The Marquis’Intimate Diary

WEDNESDAY, 9 AUGUST, 2000, REHOBOTH BEACH, DELAWARE
Violent place, this state, this land, this “Delaware.”

Despite this little beach community in southern DE resembling something along the lines of Santa Cruz in California (“The Lost Boys” setting) complete with nausiatingly cutsey-wootsie shop names like…

  • The Purple Parrot
  • Bad Hair Day?
  • “Trinket’s” (with quotes and erroneous apostrophe inclus.)
  • Catcher’s
  • The Mustard Seed (a bible shop — the ‘t’ of ‘Mustard’ being a cross.)
  • Happy Harry’s Discount Drugs
  • Crab Barn
  • Comtemporary Stuff

… and despite the preposterous number of families with their screaming spawn running loose and despite the profligation of gay nightclubs from which throbs the ubiquitous and totally uninspired “Dance, Dance, Faggit, Faggit!” beat of … I guess it’s called “music”? — and despite candy shops, Hallmark shops, clean streets, tic-tac “housing units” and a notable lack of anything but white people, this place is still violent.

But it’s an intriguing violence because it’s good ole Mama Nature who takes her subtle revenge against such cutsey-wootsiness.

Dragonfly The Marquis has been trying to languish pulchritudinously on the beach in his ultra-über-skimpy leopard print bathing utensil (send $5 for the photo you depraved pervs) while trying to erase his tan lines, and that bitch Mama Nature has been sending her barrage of asentient soldiers upon him.

Jellyfish a foot in diametre that squoosh their way past you as you splish about in the waves. Little crablets that hide under the sand begging to be stepped upon then pinching with surprising force when you oblige them. Biting horseflies that remove small patches of skin from one's anatomy. And innocuous yet still-really-creepy-lookin’ dragonflies that just … are.

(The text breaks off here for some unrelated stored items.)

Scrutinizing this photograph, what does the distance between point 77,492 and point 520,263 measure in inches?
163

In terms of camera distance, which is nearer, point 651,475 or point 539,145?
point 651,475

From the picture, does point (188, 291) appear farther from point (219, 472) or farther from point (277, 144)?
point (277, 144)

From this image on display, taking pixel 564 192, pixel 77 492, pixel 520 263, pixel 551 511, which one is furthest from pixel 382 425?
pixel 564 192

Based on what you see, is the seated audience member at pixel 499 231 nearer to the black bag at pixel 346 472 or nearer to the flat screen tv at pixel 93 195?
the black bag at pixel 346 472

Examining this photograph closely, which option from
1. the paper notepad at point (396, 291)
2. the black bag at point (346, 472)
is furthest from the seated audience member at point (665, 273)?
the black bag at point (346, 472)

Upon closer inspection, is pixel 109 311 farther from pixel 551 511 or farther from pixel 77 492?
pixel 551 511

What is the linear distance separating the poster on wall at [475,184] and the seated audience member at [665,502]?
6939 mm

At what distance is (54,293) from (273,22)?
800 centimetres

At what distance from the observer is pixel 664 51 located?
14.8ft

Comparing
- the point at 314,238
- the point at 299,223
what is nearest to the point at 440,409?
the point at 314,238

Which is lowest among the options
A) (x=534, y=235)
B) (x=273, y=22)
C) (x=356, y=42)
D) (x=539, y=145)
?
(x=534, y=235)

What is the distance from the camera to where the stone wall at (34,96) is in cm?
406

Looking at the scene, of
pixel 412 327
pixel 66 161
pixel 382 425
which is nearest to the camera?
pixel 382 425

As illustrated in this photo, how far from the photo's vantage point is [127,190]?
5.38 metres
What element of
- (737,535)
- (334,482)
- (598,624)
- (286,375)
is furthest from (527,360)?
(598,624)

If life were literature, one could have fortold the fury and psychosis of Rehoboth Beach merely by reading the foreshadowing signs on the 100 mile drive from Philadelphia. Here are some exits off the highway on your merry way to Rehoboth …

  1. Slaughter Beach
  2. Killen Pond
  3. Slaughter Neck
  4. Broadkill Beach
  5. Henlopen Acres

Okay, the last isn’t too ominous but it’s one of those words that once it’s out of your mouth, it’s stuck in your head for the next week. I want to use it in every sentence.

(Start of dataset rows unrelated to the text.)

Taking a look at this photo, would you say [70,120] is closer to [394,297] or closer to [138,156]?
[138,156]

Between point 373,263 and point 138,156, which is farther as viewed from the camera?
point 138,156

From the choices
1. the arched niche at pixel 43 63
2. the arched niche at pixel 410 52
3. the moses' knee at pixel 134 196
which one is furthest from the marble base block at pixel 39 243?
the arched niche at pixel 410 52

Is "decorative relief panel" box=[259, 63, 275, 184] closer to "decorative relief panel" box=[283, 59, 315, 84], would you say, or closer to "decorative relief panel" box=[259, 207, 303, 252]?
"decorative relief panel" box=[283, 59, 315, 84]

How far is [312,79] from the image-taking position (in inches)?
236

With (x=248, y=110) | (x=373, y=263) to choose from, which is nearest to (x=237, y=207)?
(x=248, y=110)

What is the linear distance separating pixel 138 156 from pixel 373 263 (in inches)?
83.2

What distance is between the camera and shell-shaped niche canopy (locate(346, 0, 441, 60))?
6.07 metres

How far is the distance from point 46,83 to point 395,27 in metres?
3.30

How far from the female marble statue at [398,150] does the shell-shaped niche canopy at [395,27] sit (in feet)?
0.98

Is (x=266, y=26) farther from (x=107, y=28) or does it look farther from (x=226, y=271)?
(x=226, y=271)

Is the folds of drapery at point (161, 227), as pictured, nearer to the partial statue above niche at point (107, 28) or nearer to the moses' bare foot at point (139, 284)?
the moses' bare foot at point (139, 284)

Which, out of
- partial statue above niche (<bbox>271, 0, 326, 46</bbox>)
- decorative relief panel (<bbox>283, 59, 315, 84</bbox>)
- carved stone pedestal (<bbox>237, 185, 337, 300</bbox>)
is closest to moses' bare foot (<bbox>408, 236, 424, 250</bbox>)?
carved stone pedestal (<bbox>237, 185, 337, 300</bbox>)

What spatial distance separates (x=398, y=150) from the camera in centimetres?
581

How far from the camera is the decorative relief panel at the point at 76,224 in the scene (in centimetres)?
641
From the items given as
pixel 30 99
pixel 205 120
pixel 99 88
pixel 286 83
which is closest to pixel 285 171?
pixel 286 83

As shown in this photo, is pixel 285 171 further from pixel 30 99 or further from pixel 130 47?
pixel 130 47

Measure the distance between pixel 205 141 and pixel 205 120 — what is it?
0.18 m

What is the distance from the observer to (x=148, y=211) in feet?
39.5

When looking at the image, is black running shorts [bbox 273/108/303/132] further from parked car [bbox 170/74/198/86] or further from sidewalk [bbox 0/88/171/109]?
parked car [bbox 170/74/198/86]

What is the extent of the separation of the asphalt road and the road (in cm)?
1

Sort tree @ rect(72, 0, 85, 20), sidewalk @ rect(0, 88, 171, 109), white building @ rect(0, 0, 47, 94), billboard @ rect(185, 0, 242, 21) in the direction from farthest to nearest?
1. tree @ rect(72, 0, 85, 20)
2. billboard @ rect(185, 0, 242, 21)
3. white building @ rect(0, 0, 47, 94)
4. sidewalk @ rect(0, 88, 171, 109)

SOME PERSON: Hey Marquis, wassup? Where ya goin’?
MARQUIS: Henlopen Acres.
SOME PERSON: Oh yah? Where’s that?
MARQUIS: Henlopen Acres.
SOME PERSON: Why are there bits of flesh missing from your body?
MARQUIS: Henlopen Acres.
SOME PERSON: Wow. That didn’t make much sense.
MARQUIS: Henlopen Acres.
SOME PERSON: Okay, I go away now.
Try it and see if you don’t get hooked.

Anyway, I’m pleased about the preying animal life and poisonous fauna because, although aggravating to me personally, it gives me great joy to see small children stung, bitten, poisoned and drowned.

Okay, not really.

They’re so noisy when it happens, after all.